The Company intends to fund the acquisition with cash on hand and borrowings expected to become available under a new five-year, $900 million senior secured bank facility. The Company entered into a commitment letter with Wells Fargo Bank, N.A. and its affiliates to provide this facility which, subject to final syndication, is expected to consist of revolving credit facilities in both the U.S. and Canada aggregating $600 million as well as funded term debt in both the U.S. and Canada totaling $300 million. The revolving credit facility and funded term debt are expected to have higher interest rates consistent with current market conditions but otherwise have similar types of terms and covenants as our existing credit facility. The commitment letter is subject to terms and conditions typical for such committed, acquisition financings.
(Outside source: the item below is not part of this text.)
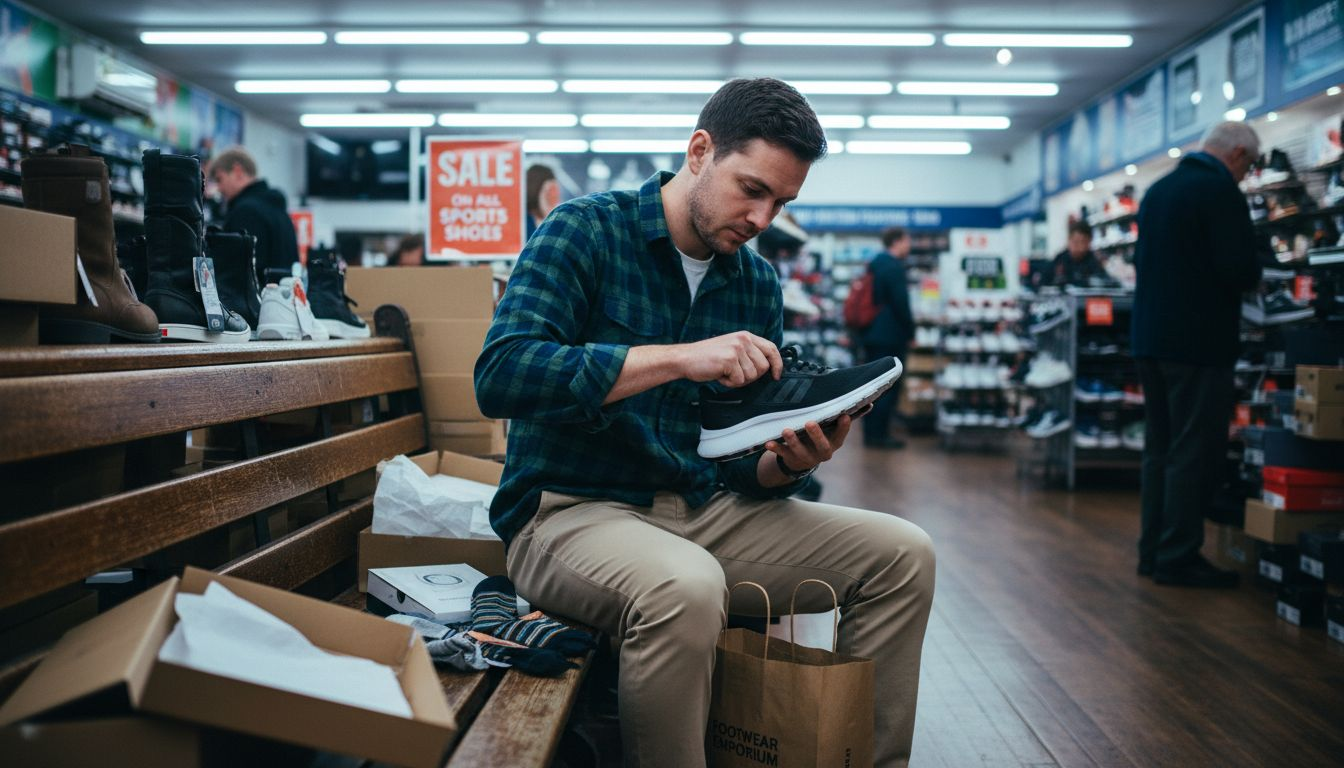 Checking inside of a shoe by hand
Marley Holdings Pty Ltd (Marley), as trustee for The Maloney Family Trust (a 52% shareholder in The MAC), has granted an option over a portion of its holdings in The MAC to the Company representing 19.9% of the total issued capital of The MAC.
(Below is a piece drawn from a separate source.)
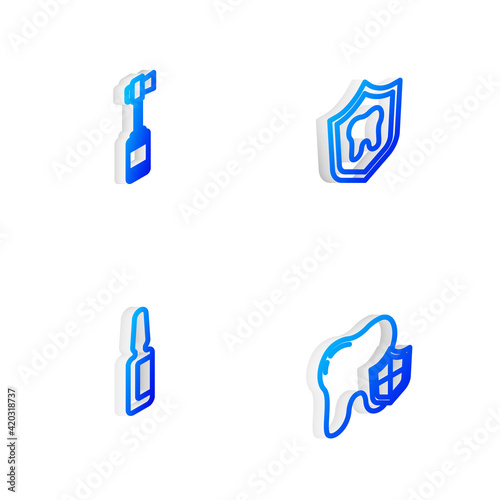 Set Isometric line Dental protection, Toothbrush, Painkiller tablet and icon. Vector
The transaction is subject to certain conditions precedent including the approval from the shareholders of The MAC, the court approval of the Scheme and other regulatory approvals. A copy of the executed Scheme Implementation Deed entered into by The Mac and the Company was filed by the Company in a current report on Form 8-K filed with the Commission on October 15, 2010.
Our Business Segments
Our accommodations business is predominantly located in Canada and derives most of its business from energy companies who are developing and producing oil sands resources and, to a lesser extent, other resource based activities. A significant portion of our accommodations revenues is generated by our oil sands lodges. Where traditional accommodations and infrastructure are not accessible or cost effective, our semi-permanent lodge facilities provide comprehensive accommodations services similar to those found in an urban hotel. We typically contract our facilities to our customers on a fee per day based on the duration of their needs, which can range from several months to several years. In addition, we provide shorter-term remote site accommodations in smaller configurations utilizing our modular, mobile camp assets. We also expect our pending acquisition of The MAC in Australia to increase our accommodations revenues derived from resource- based mining operations.
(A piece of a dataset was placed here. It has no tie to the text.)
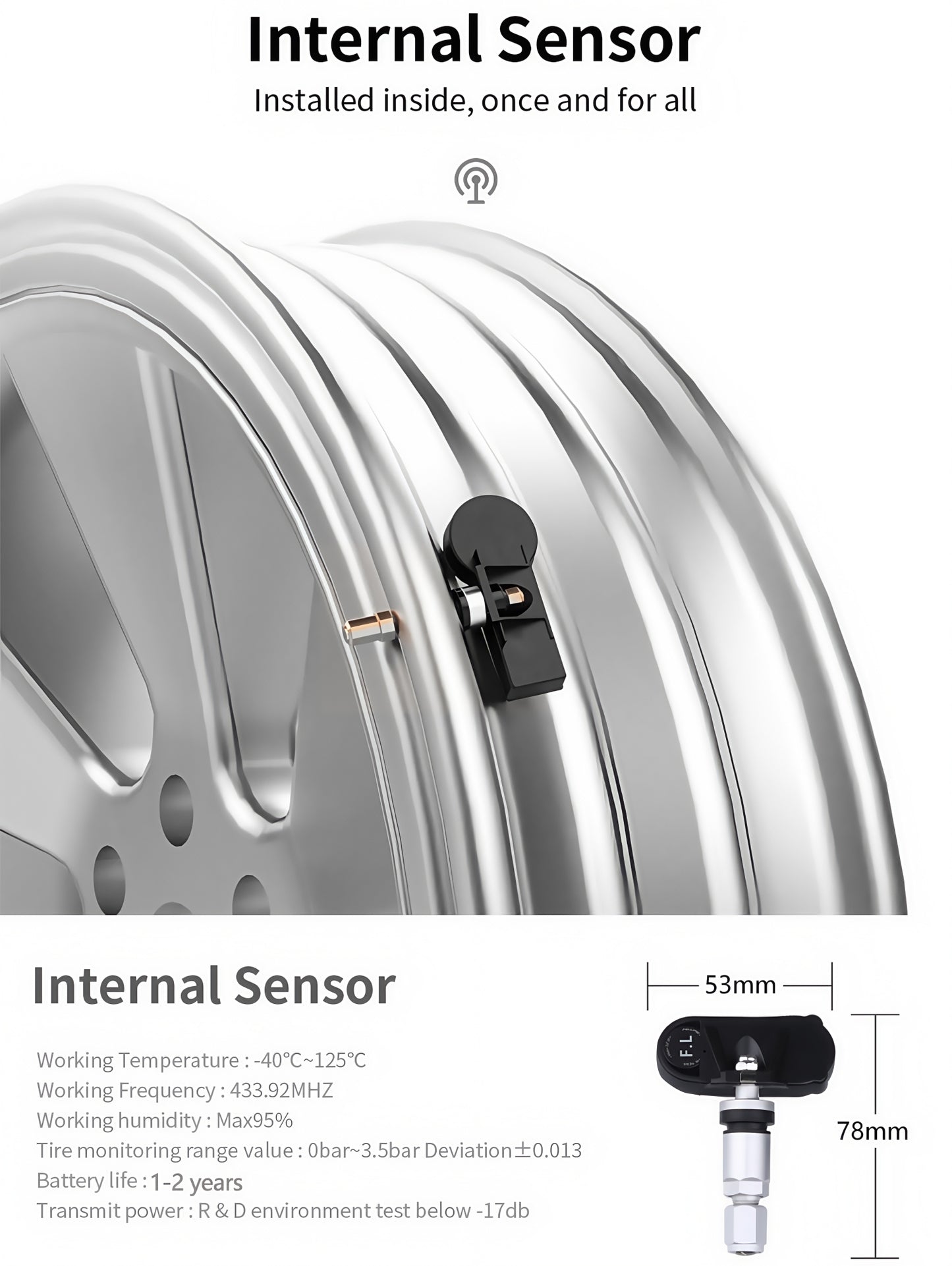 12V Socket Power Wireless Tyre Pressure Monitoring System With Internal Sensors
In May 2009, Imperial Oil announced the sanctioning of Phase I of its Kearl oil sands project. In November 2009, Suncor announced its 2010 capital expenditure plan that included spending on Phase 3 and 4 of its Firebag project. Both of these announcements have led to either extensions of existing accommodations contracts or incremental accommodations contracts for us. In addition, several major oil companies and national oil companies have acquired oil sands leases over the past twelve months that should bode well for future oil sands investment and, as a result, demand for oil sands accommodations. In May 2010, we announced the expansion of our accommodations operations in the oil sands region through planned additional capital expenditures totaling approximately $62 million to expand three of our existing facilities.
Another factor that can influence the financial results for our accommodations segment is the exchange rate between the U.S. dollar and the Canadian dollar. Our accommodations segment has derived a majority of its revenues and operating income in Canada denominated in Canadian dollars. These revenues and profits are translated into U.S. dollars for U.S. GAAP financial reporting purposes. For the first nine months of 2010, the Canadian dollar was valued at an average exchange rate of U.S. $0.97 compared to U.S. $0.86 for the first nine months of 2009, an increase of 13%. This strengthening of the Canadian dollar had a significant positive impact on the translation into U.S. dollars of earnings generated from our Canadian subsidiaries and, therefore, the financial results of our accommodations segment.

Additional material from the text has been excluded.